#introductions Hi, I'm an astronomer and data scientist at the University of Washington. I work on statistical methods for astronomy, including black holes, asteroids and the sun. I also play harp and take pictures of things (mostly waterfalls and squirrels).
@tiana_athriel in all seriousness what does that statistical model look like? Are you looking at the a matched filter then using correlation/convolution to look for repeated signals?
@fullywoolly Right now I work a lot with Gaussian Processes. They're magic! :) I have a lot of non-stationary, unevenly sampled time series that may or may not have a periodic signal. Since I don't have *that* many data points, Gaussian Processes are perfect for that task!

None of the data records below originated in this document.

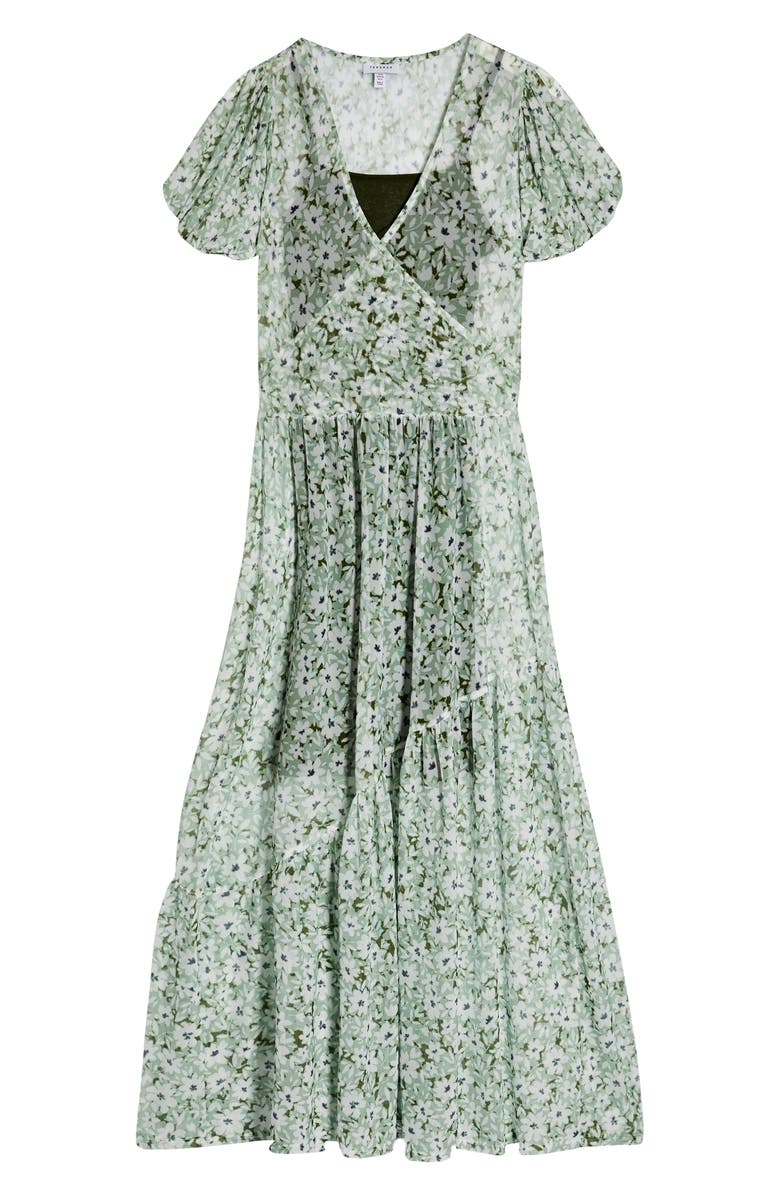 Topshop Daisy Mesh Midi Dress, Alternate, color, 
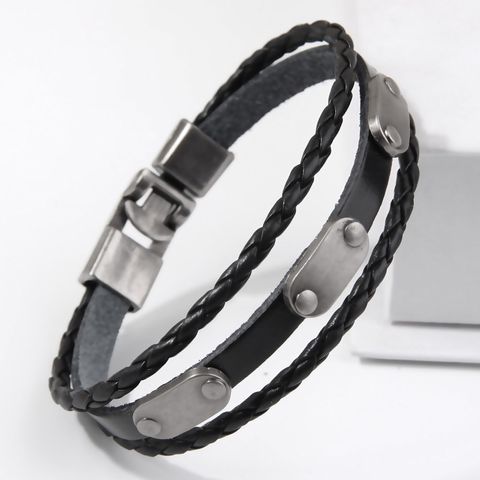 Simple Style Solid Color Alloy Leather Men's Bracelets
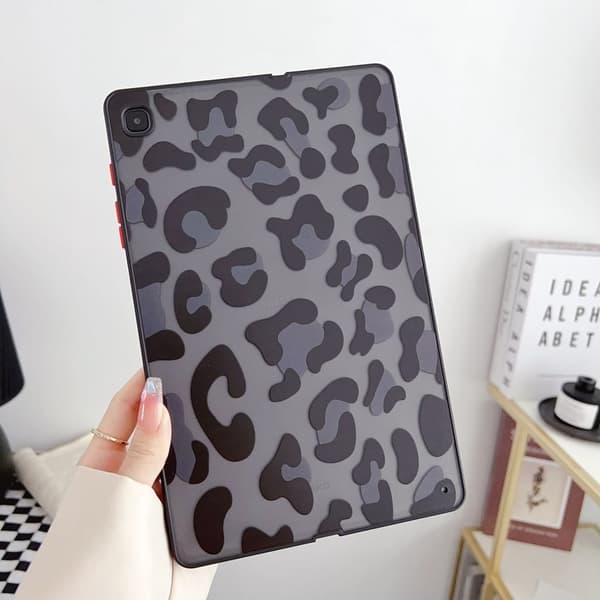 Samsung Galaxy Tab S6 Lite m.m. Mønster Cover - Sort Leopard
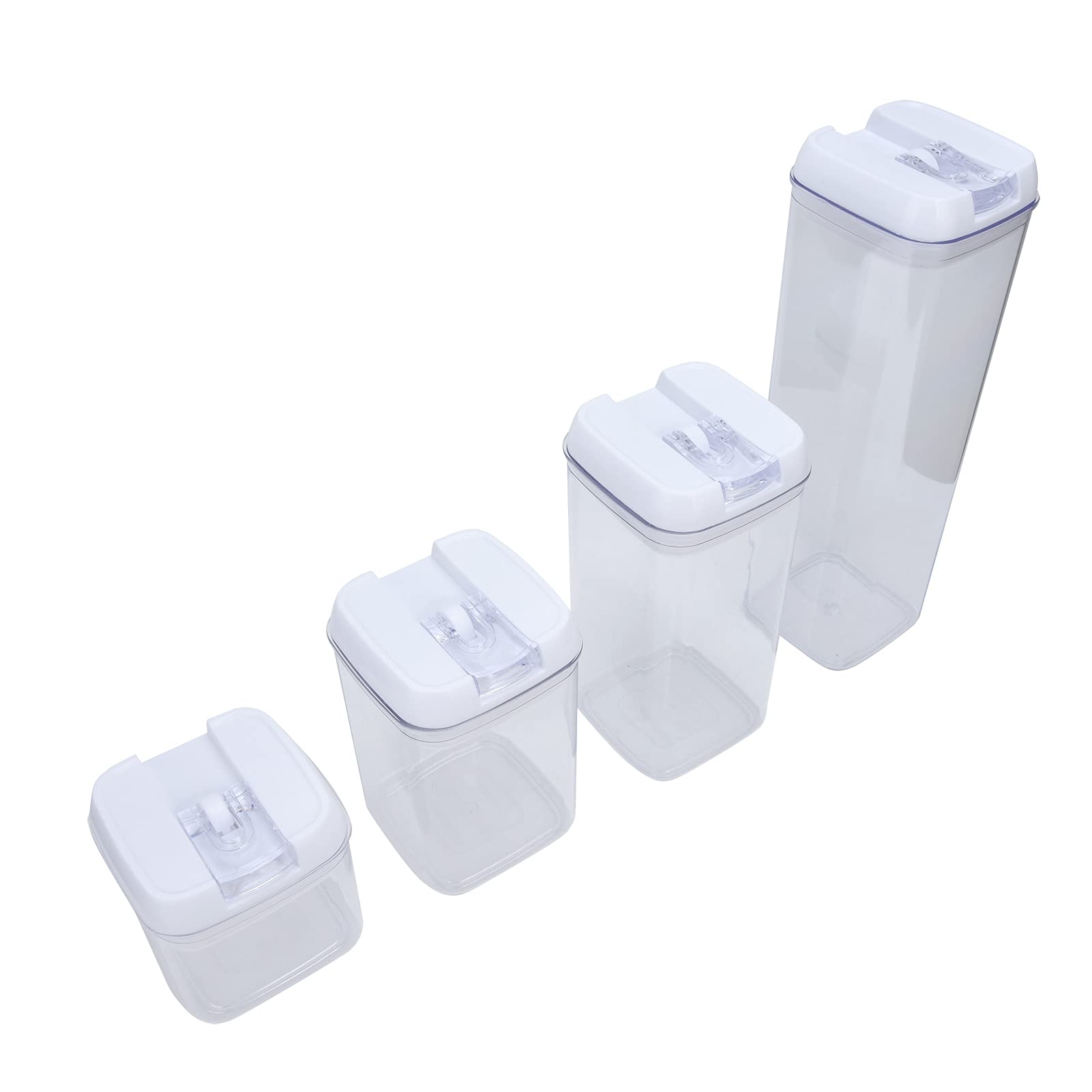 Juego de 14 piezas de tarros rectangulares sellados con tapa, recipiente para leche en polvo, organizador de almacenamiento de cocina para harina, azúcar, arroz, nueces, frijoles, (Funda blanca con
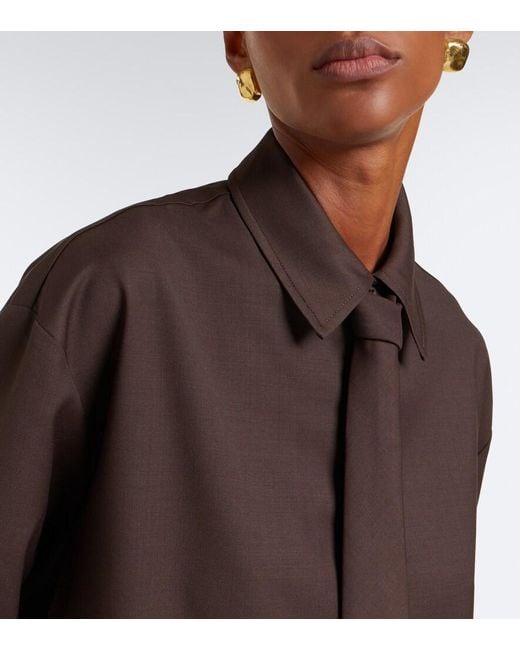 Frankie Shop Brown Peri Tie-Neck Shirt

@tiana_athriel they do sound magic! Everything I've had to process in an academic setting has either a well-defined system or signal. It is hard to imagine that you can get much of anything without having either of those things! Space is pretty good medium for transmitting light, but over such vast distances the constructive and destructive interference must be brutal.
Important questions, python or Matlab/Octave?
@fullywoolly Not really that much interference, mostly just gas and dust in the way that messes things up. Astronomy data is pretty clean compared to other fields, and the problems are often well-bounded (compared to, say, ecology). I do everything in Python (yay open source!), but also know people who write R, C++ and, of course, the physicists' favourite: Fortran. Matlab/Octave is much rarer.
@fullywoolly A lot of statisticians write R, so if you're interested in the newest and shiniest of statistical models, sometimes that's where you have to go.
And sometimes you just have algorithms that are too slow to compute in pure python, even with numpy and scipy.
I'm currently learning Vega/Vega-Lite and the python package Altair for #visualization, which I find much more sensible and fun than matplotlib (though I still do a *lot* of visualizing in that, too)
@tiana_athriel makes sense about the stats people using R.
numpy is already compiled/optimized right? I can understand if you are I/O bound like thrashing the hard disk by reading/writing too frequently or saturating the bus going to memory. That is where languages like C or C++ will be stronger.
Vega looks nice. Would've helped with my last project at work. I haven't tried using tools like that or Pandas. Even though my dataset was coming from a db. I just didn't think about it.